Soaking grain in buckets. On the left is grain used for chicken feed, on the right is organic grain from a health food store.

If you’re short on time, you can add your grain to boiling water in a pot and leave it to simmer for 20-30 minutes. With wheat/rye, you can check the grain periodically by squeezing it with your fingernail, if the inside is turning from white to transparent, it’s ready to strain and add to your jars.

Boiling grain for spawn

If you're short on time, you can boil grain to hydrate it.

Checking grain spawn is hydrated

Checking the centre of grain to see if it's translucent.

After the grain is hydrated, you’ll need to drain it. I have a large sieve that I bought online, so I can drain several kilograms at once. I usually tip the sieve up on an angle and leave it to drain for at least 30 minutes if I’ve soaked it in a bucket. If you’ve cooked the grain on the stove, it will require less time to drain as the heat will evaporate a lot of the moisture away.

Draining grain in sieves

A large sieve is useful for draining large amounts of grain.

Adding to jars/bags

If you’re working on a small-scale, you’ll probably use jars for your grain spawn. Most people will use ball mason jars due to their shape, and because you can buy filter discs that will fit them nicely to facilitate air exchange. However, when you’re starting out, any jar will do, I find that the jars that hold salsa are a good size to work with.

Salsa jar

Salsa jars are a good size for grain spawn. It's also a great excuse to eat some corn chips.
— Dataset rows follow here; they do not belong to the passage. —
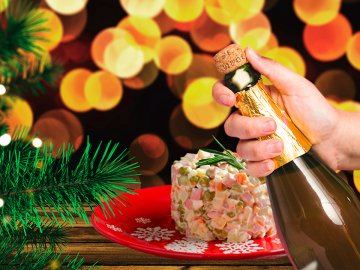 Кіномарафон і нічний фітнес: як ненудно відсвяткувати Новий рік на самоті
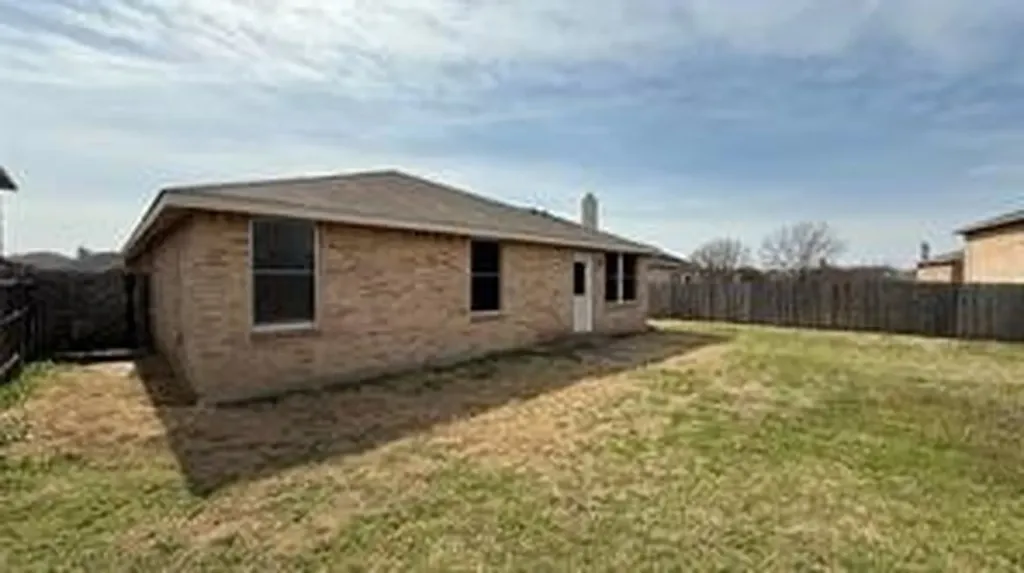 603 Ambarella Street Arlington TX 76002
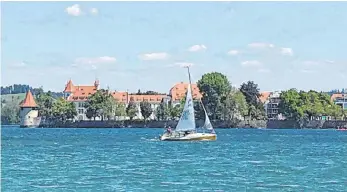  ?? FOTO: YCL ?? Auf der Rückfahrt zum Ziel Seezeichen 66. Im Hintergrun­d ist der Westteil der Insel Lindau.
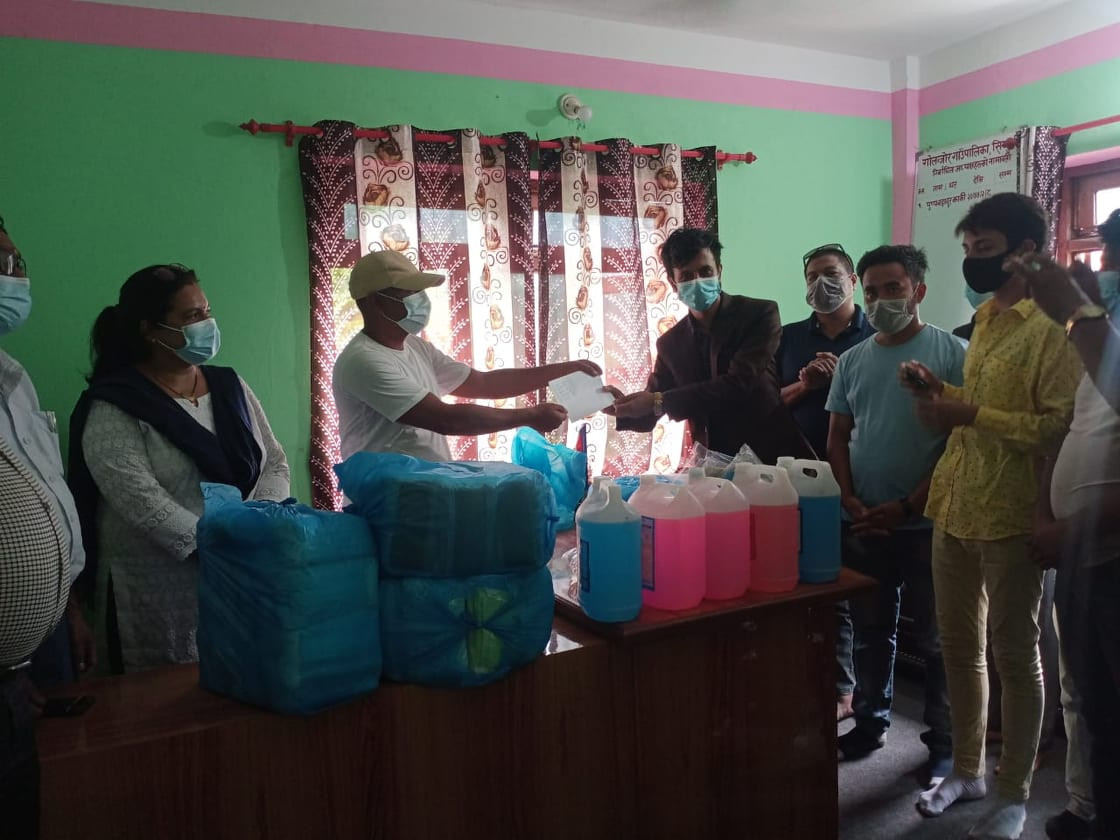 सिन्धुली कांग्रेसका दुई सम्पर्क समितिले गोलञ्जर गाउँपालिकामा बाँडे स्वास्थ्य सामग्री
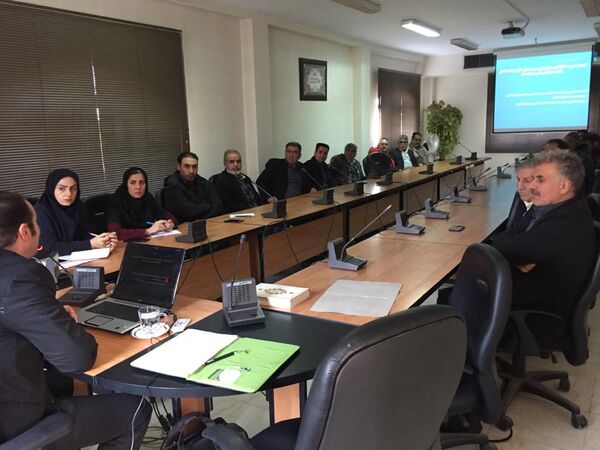 کشاورزان اسلامشهر در دوره "سرویس ونگهداری سیستم های آبیاری" شرکت کردند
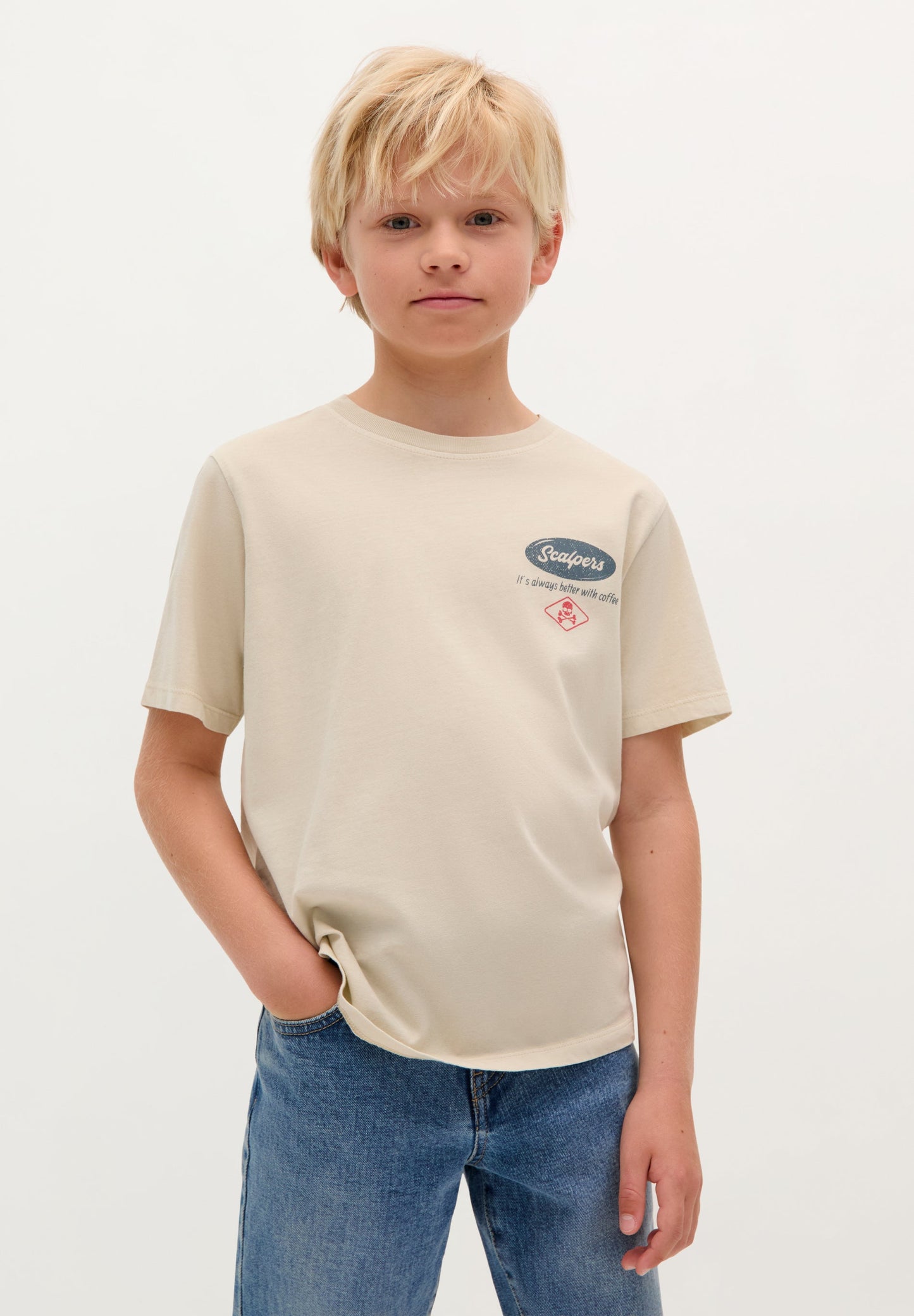 T-SHIRT COM PADRÃO BREAKFAST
Your jars will need to have some holes in their lids, the mycelium needs air exchange to grow well. There are a number of ways to do this, by using filter discs, micropore tape, airport lids or pillow stuffing (ideally made of hydrophobic polyester).

Filling jars with grain

These jars have hydrated grain in them and a filter patch on top.

If you’re using bags with a filter patch, they already have air exchange built in. When filling the bags, you want to fill them so that they’re a maximum of 1-2 inches (2-5 cm) below the filter patch. You don’t want grain to block the filter patch, and you want to leave enough air in the bag so that you can shake it.

Pressure cooking

Once your jars or bags are ready, you need to stack them in your pressure cooker. Make sure you read your pressure cooker instructions carefully and always remember to fill it with water so that at a minimum the water level is above the bottom plate.

Exploding pressure cooker

Carefully read the instructions of your pressure cooker.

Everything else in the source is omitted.